Corvil
- Company type: Private
- Industry: Data analysis
- Founded: 2000; 26 years ago
- Headquarters: Dublin, Ireland
- Key people: Donal Byrne (CEO)

= Corvil =

Irish network data analytics company

Corvil is a network data analytics company based in Dublin, Ireland. It helps businesses make sense of machine data sources and protect performance, security, and transparency of business and infrastructure applications. As of May 2017, prominent financial institutions, such as the New York Stock Exchange, London Stock Exchange, Moscow Stock Exchange, NASDAQ, Nomura, Thomson Reuters, and Commerzbank use Corvil's services.

==History==
Corvil was founded in 2000 by Professor John Lewis, three Telia employees and three post-graduate students from Trinity College Dublin and is currently led by CEO Donal Byrne.

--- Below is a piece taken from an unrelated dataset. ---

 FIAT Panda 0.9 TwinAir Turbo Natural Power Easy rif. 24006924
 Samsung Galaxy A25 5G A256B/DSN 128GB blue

Corvil offers solutions for electronic processing in the financial field, IT operations, and cybersecurity operations.

IT operations can use Corvil's service to understand IT systems in real-time and improve transparency, performance, and monitoring of applications, infrastructure, services, and users. Cybersecurity operations can use Corvil's analytics to gain full visibility into malicious threats both in real-time and retrospect, allowing for greater threat detection, prevention, and response times.

Corvil has offices in New York, London, Tokyo, Toronto, and Kraków.

In 2019 Corvil was acquired by Pico.